Of the lines listed below, return exactly those that run from the line containing "Maya Lianna Ring, 1" through the line containing "Patchwork Suede Leather Jacket", both included.

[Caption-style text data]
╭──

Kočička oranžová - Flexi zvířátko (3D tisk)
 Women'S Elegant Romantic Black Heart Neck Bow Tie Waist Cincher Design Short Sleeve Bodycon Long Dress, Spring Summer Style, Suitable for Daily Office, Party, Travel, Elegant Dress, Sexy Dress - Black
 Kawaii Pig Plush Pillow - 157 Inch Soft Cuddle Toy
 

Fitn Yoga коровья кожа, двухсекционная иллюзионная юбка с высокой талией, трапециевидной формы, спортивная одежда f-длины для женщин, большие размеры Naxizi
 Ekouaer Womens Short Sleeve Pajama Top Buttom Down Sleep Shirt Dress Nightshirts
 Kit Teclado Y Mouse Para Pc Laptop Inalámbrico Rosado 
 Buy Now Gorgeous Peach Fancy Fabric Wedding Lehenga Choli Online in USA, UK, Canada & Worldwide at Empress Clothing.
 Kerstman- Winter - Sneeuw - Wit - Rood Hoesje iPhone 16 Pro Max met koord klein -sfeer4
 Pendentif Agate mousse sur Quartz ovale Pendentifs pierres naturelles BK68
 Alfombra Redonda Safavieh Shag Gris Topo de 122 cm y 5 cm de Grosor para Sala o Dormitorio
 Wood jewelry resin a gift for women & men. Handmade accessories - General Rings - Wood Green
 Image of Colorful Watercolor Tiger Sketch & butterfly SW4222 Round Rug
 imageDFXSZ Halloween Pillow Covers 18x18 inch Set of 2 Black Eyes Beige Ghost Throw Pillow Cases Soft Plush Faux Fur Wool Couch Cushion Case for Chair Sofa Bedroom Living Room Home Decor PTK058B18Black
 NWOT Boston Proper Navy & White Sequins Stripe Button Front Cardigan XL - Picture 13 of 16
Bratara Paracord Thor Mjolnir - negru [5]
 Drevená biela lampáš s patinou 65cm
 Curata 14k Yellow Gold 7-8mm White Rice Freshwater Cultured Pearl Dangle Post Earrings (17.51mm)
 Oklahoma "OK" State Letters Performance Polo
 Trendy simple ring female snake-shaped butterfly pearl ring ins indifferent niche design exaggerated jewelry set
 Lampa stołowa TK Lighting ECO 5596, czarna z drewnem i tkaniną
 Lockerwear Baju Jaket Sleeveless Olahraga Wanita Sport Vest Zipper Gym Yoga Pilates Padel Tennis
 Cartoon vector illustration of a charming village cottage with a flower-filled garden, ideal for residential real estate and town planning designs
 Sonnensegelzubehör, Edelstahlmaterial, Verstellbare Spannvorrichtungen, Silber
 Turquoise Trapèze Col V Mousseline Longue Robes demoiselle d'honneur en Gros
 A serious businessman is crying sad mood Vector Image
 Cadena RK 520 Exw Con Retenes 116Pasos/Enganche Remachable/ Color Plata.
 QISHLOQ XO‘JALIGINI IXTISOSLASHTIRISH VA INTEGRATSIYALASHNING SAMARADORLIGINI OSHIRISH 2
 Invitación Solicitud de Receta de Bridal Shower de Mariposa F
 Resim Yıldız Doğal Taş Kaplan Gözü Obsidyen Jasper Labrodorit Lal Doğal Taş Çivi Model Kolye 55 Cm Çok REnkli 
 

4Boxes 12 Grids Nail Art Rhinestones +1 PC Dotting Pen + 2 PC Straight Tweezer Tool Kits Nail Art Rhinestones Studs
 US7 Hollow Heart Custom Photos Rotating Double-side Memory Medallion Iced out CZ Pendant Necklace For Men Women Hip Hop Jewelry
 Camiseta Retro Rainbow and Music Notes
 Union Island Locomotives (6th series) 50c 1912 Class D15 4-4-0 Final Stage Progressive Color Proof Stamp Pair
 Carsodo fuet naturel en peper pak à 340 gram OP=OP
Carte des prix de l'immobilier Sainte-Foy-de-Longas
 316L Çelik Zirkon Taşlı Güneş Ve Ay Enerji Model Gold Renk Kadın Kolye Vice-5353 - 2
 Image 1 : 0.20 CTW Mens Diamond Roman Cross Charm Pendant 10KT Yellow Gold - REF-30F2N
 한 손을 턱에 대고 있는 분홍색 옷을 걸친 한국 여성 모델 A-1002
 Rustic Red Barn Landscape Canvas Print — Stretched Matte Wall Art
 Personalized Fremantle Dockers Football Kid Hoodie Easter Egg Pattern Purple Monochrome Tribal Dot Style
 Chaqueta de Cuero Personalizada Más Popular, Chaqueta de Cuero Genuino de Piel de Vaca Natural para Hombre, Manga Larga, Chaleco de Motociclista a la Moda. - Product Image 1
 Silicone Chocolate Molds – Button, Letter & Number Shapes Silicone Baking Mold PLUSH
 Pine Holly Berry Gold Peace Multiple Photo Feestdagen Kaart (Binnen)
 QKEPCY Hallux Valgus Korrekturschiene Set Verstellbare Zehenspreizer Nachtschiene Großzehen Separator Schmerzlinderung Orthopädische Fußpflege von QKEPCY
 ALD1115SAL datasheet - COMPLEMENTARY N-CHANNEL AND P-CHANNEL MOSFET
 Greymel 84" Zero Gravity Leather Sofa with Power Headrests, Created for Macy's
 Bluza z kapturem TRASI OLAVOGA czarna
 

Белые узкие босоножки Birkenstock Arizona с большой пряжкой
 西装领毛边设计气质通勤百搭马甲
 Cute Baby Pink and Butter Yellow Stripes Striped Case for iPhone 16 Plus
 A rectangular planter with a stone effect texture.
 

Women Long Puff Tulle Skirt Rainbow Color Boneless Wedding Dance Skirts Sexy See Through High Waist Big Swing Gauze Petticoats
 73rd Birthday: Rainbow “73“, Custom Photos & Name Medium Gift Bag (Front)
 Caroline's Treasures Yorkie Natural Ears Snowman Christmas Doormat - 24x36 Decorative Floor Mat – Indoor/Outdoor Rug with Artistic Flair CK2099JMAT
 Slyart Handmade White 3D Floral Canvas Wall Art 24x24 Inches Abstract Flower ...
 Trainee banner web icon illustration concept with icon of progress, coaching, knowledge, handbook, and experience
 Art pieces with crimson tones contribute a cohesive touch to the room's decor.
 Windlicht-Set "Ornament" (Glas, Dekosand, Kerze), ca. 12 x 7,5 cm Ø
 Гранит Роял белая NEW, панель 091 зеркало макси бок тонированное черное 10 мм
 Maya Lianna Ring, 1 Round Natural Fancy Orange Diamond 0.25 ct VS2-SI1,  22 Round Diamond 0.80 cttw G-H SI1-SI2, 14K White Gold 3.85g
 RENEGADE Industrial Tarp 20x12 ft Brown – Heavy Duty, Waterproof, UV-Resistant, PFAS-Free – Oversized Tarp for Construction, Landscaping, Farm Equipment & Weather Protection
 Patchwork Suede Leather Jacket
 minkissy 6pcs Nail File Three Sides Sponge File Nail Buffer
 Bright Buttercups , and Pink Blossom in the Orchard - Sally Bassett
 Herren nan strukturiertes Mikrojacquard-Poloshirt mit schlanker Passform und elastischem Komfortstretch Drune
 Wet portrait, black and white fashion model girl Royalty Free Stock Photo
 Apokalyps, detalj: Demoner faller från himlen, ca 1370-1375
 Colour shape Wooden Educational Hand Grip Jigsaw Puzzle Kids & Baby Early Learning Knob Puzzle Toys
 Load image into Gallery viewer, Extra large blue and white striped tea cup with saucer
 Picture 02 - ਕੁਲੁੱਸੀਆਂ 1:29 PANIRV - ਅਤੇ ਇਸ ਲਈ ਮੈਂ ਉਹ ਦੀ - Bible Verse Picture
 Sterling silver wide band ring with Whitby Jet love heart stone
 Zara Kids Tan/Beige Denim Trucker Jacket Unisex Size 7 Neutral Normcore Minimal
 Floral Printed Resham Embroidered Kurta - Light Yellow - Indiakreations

╰──

**TASK OUTPUT**
 Maya Lianna Ring, 1 Round Natural Fancy Orange Diamond 0.25 ct VS2-SI1,  22 Round Diamond 0.80 cttw G-H SI1-SI2, 14K White Gold 3.85g
 RENEGADE Industrial Tarp 20x12 ft Brown – Heavy Duty, Waterproof, UV-Resistant, PFAS-Free – Oversized Tarp for Construction, Landscaping, Farm Equipment & Weather Protection
 Patchwork Suede Leather Jacket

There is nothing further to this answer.